Security: The 9/11 fear factor plays out at the airports almost a decade later, even as the long queues reminds one of some of the chaos of regular Indian life. They strip you to the bare minimum, leaving nothing to chance.

It is just shirt and pants and they won’t let you through if the metal detector beeps, passing under the machine any number of times.

Belts, wallets, shoes have to be taken off, gadgets, laptops and jackets put in separate holds. There are plenty of screaming instructions.

I tried to smuggle in water in the hand bag. They threw it away and put the luggage in line again.

This is a process that has been applied to visiting Indian ministers and dignitaries as well, much to their chagrin.

The only silver lining about all of this is that there is hardly any physical frisking as in India. People have issues with this at times.

In America though, there is an ongoing debate about new X-Ray machines that will run an automatic body search.

There is a lot of chatter about it among travelers.
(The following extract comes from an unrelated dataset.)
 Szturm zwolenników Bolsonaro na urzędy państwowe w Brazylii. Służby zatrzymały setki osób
Many, especially the women, say it is invasion of privacy. Maybe it is.

Yet, the Americans are getting it right as there have been no terror attacks in USA since September 11, 2001. In India, the militants strike at will.
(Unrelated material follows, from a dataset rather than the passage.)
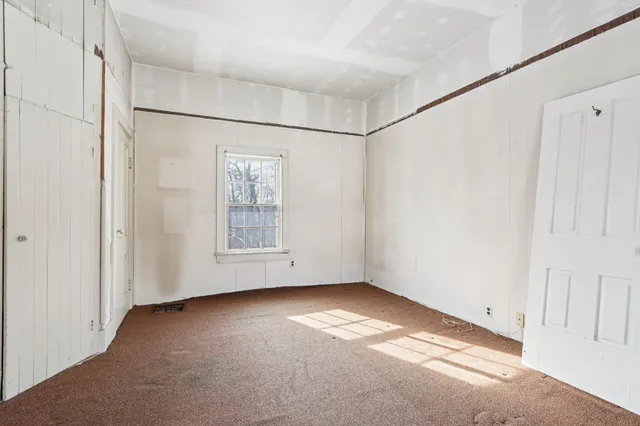 $350,000 | 67 Highway 67, Eagle, WI 53119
Also, there is no doubt that a particular community is in focus, even if it is wrong to brand a population due to the wrong doings of some.

I saw two individuals taken away for ``special screening’’ at different airports. ``Is this because of my name,’’ one retorted. It clearly was.
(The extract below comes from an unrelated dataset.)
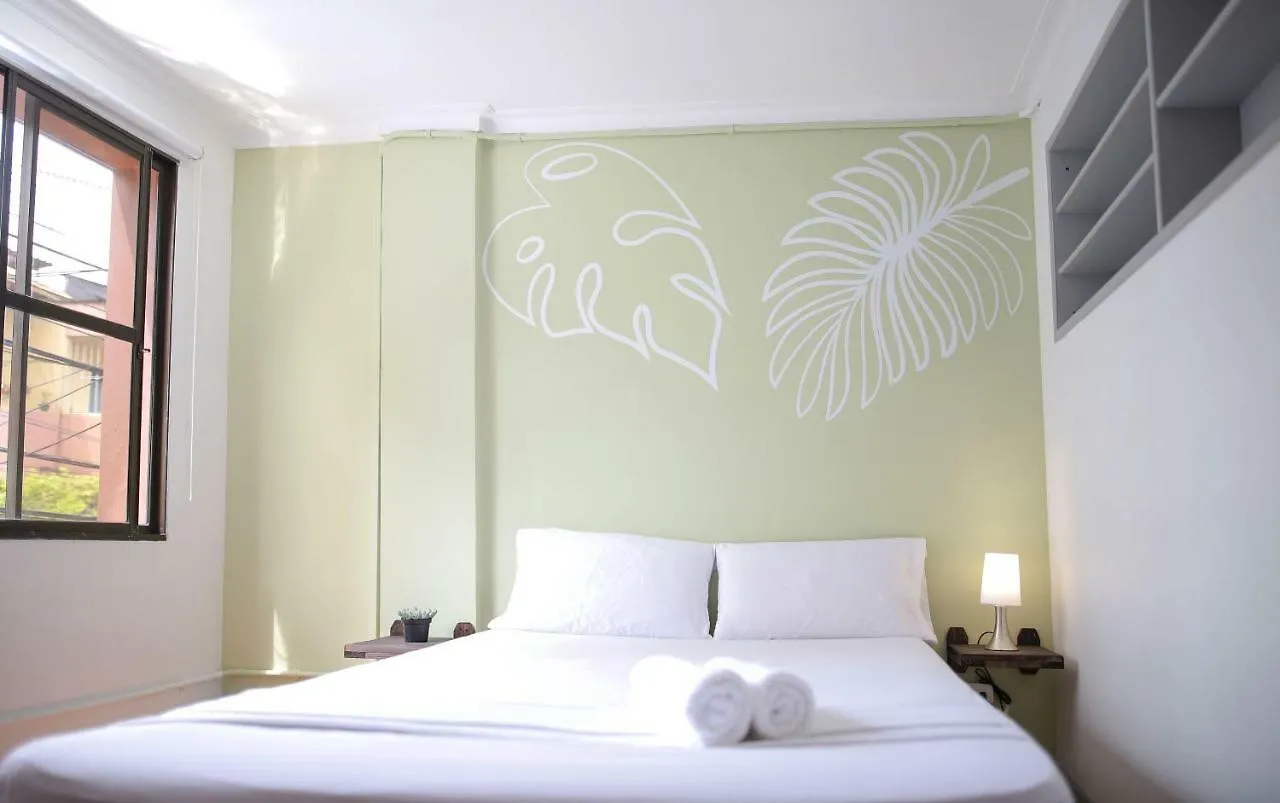 Albaka Guest House 2*, 메딜린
There are no elaborate processes in trains, though domestic travel is as expensive as traveling by air, unlike India where rail fares are much cheaper.

But, it’s the planes that the Americans seem to guard the most and with good reason.

Indians Will Be Indians: Indians like to quibble, argue and quarrel, which some say is a sign of a healthy functional democracy. This is, however, also because back home nobody follows systems, rules and order.

Every matter can be turned around to an individual’s whim, position, contacts, phone calls and money power.

In America there is homogeneity of usual existence, like not breaking lines, following traffic rules, proper parking and honking only when necessary.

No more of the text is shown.